Pelos serviços médicos convencionais que presta à população, recebe recursos do
Sistema Único de Saúde (SUS) e não pode discriminar a religião de quem passa
por sua porta. Mas é pelo tratamento espiritual que oferece, em caráter
complementar e baseado na doutrina de Allan Kardec, que atrai tantas pessoas,
muitas das quais vêm de longe, até de outros países da América do Sul.
Hospitais
espíritas existem no Brasil desde 1950, mas cresceram muito em número nos
últimos 30 anos, na esteira do movimento antimanicomial, que promoveu uma
reorganização da assistência psiquiátrica, no sistema público de saúde, a
partir da década de 1980. Puttini mergulhou nesse mundo em que a fé e a ciência
convivem (não sem atritos) para fazer sua tese de doutorado, que deu origem ao
livro Medicina e espiritualidade no campo da saúde, publicado pela Editora Annablume
em maio.
Nesta
entrevista, o antropólogo explica como funciona um hospital espírita e descreve
os conflitos que observou entre os kardecistas e os profissionais de saúde
adeptos de outras religiões, entre eles muitos evangélicos.
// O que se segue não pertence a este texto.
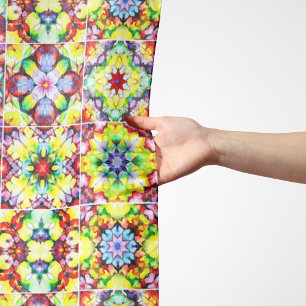 Mediterranean Tiles, Alcohol Ink Tiles, Majolica Scarf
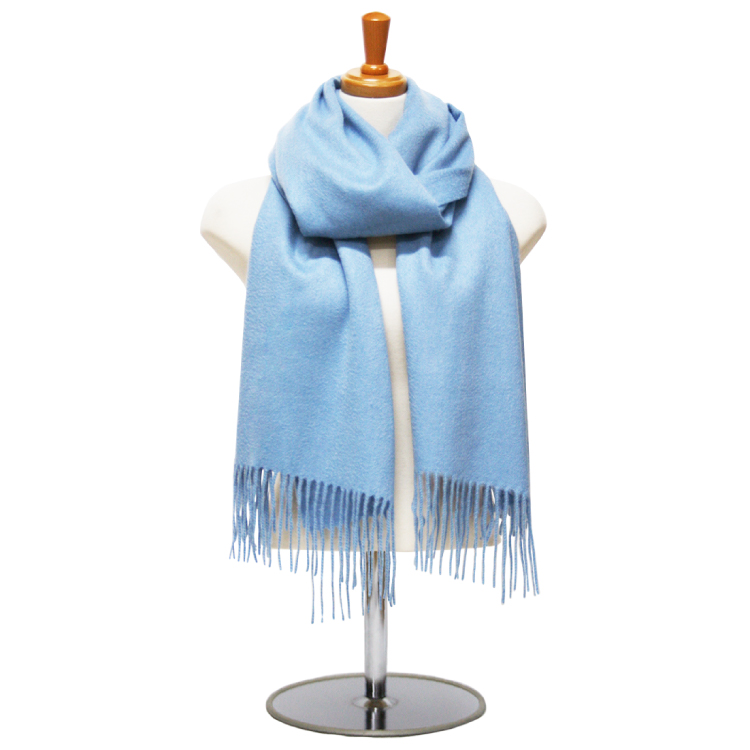 カシミヤ無地ストール ブルー 71/ブルー ストール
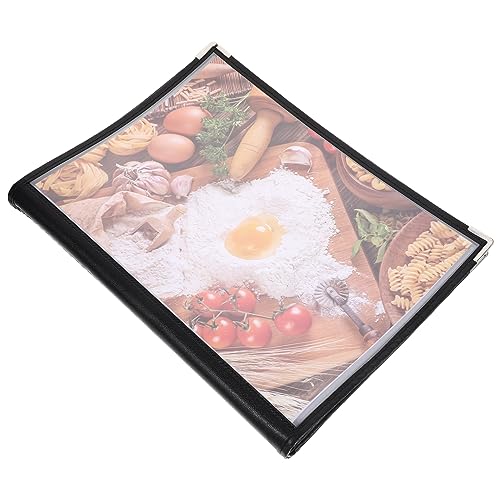 Amosfun Exquisite Restaurant Menü Buch Pvc Leder Menü Menü Display Ordner Multi-funktionale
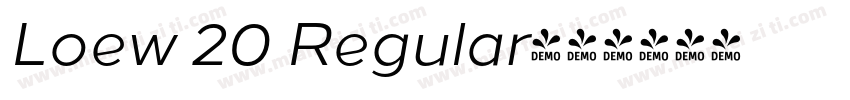 Loew 20 Regular字体转换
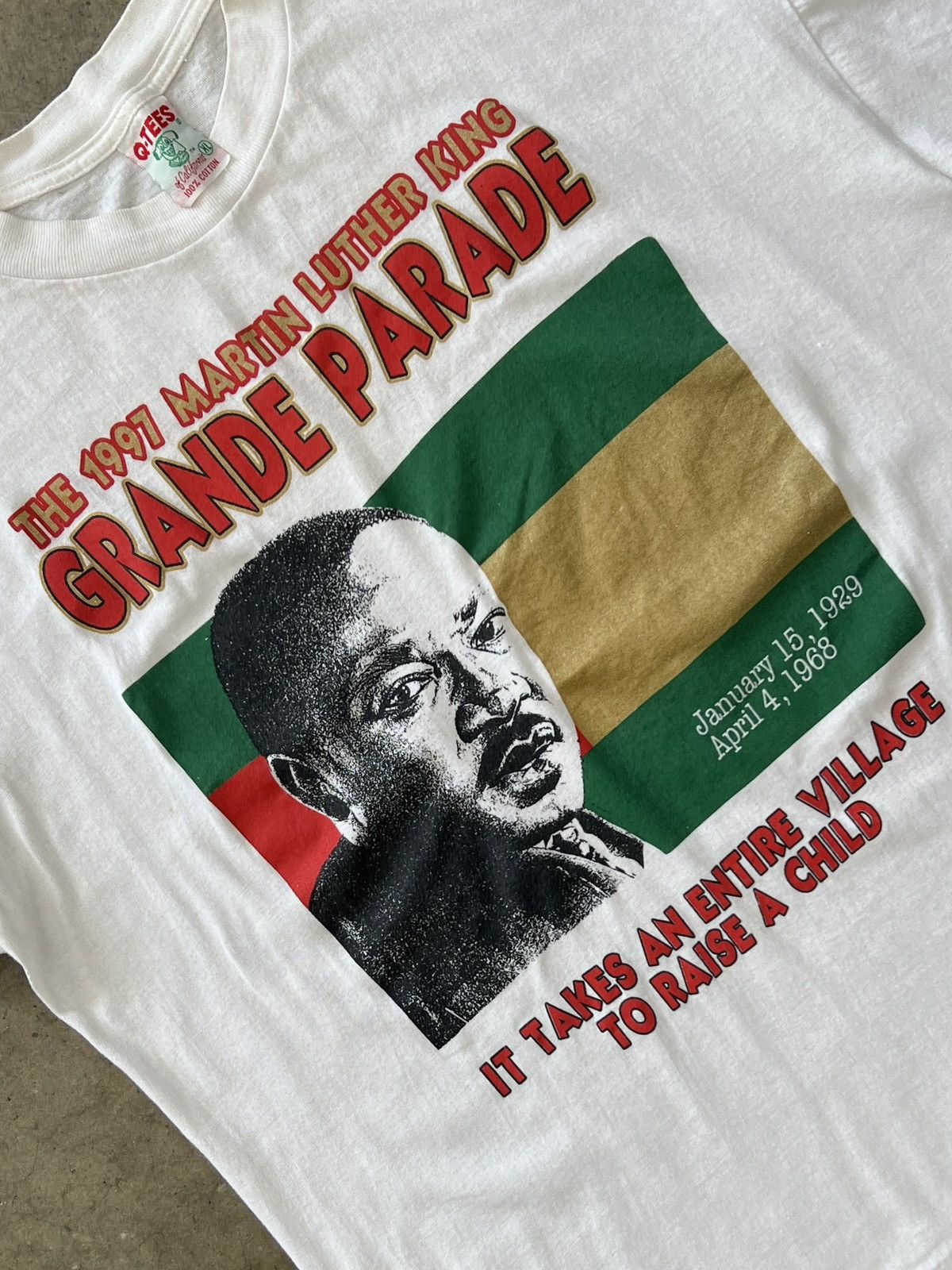 Vintage Vintage 1997 MLK Grande Parade Social Justice Tee XL Size US XL / EU 56 / 4 - 1 Thumbnail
Puttini analisa
ainda o espaço cada vez maior que o SUS está destinando a linhas alternativas
de tratamento, como homeopatia e acupuntura, e vê nisso um caminho que pode
aproximar a prática clínica da dimensão espiritual, que é tão importante para
os pacientes.
As imagens que
ilustram estas páginas são do fotógrafo Hermínio Nunes, que depois de ser
atendido em um hospital do gênero, fez um ensaio fotográfico sobre o tema,
publicado em 2008 no Diário Catarinense.
Rodolfo Puttini Um hospital espírita é uma qualificação para
identificar um espaço de saúde distinto, híbrido. No interior dessas
instituições médicas, terapias espirituais são praticadas por médicos ou enfermeiros
convertidos à visão espiritualista do homem, geralmente praticantes da doutrina
de Allan Kardec, o fundador do Espiritismo.
UC Por que estudar os
hospitais espíritas?
Puttini O principal objetivo foi desvendar as razões
sócio-históricas e institucionais desses hospitais, organizados no Brasil desde
a época em que a doutrina espírita foi acolhida por médicos como alternativa e
também como forma de resistência à ciência. Durante muito tempo essas práticas
terapêuticas foram perseguidas pela polícia. Mas conseguiram se preservar
atuando de modo organizado, paralelamente às instituições criadas pela medicina.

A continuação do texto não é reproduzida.